All 250 wells have pore pressures below hydrostatic pressure, suggesting that injection of produced water should be feasible. Through the analysis of pore pressure changes with time for both the coals and their overlying/underlying sands, we find after 8 to 13 years of water-level monitoring that none of the sands more than 200 ft (61 m) vertically from producing coals appear to be in hydraulic communication with the coalbeds. Therefore, injection of CBM-produced water should be carried out in sands at least 200 ft (61 m) from adjacent coalbeds to be sure that the disposed water does not rapidly migrate back into the coalbeds.

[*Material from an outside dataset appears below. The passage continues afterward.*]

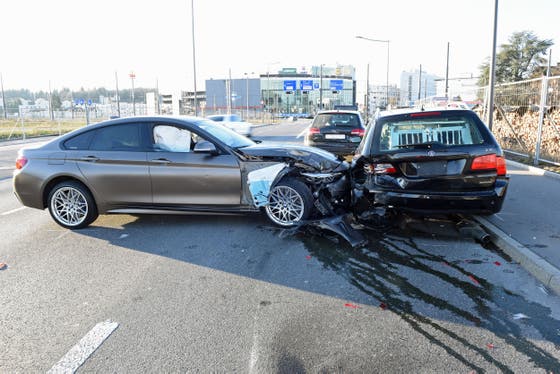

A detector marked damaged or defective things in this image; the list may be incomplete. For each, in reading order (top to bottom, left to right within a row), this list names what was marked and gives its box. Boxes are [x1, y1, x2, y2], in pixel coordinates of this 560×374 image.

shattered windshield [198, 120, 255, 148]
crumpled hood [240, 143, 348, 172]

In addition, we constructed two 3D stochastic reservoir models of conceptualized sand units to determine the rates at which water can be injected into shallow (∼300 ft (91 m)) and deep (∼1000 ft (305 m)) sub-hydrostatic aquifers. We find that for shallow sands we can inject water at a rate of ∼160 bbl/day, whereas for deeper sands, whose pore pressures are lower than the shallower sands, the rate is ∼435 bbl/day. Both of these rates are higher than the average water production rate from CBM wells in the PRB of ∼100 bbl/day. This implies that for deep aquifer injection sites, it would take only one injection well to dispose of the water production from approximately four CBM wells.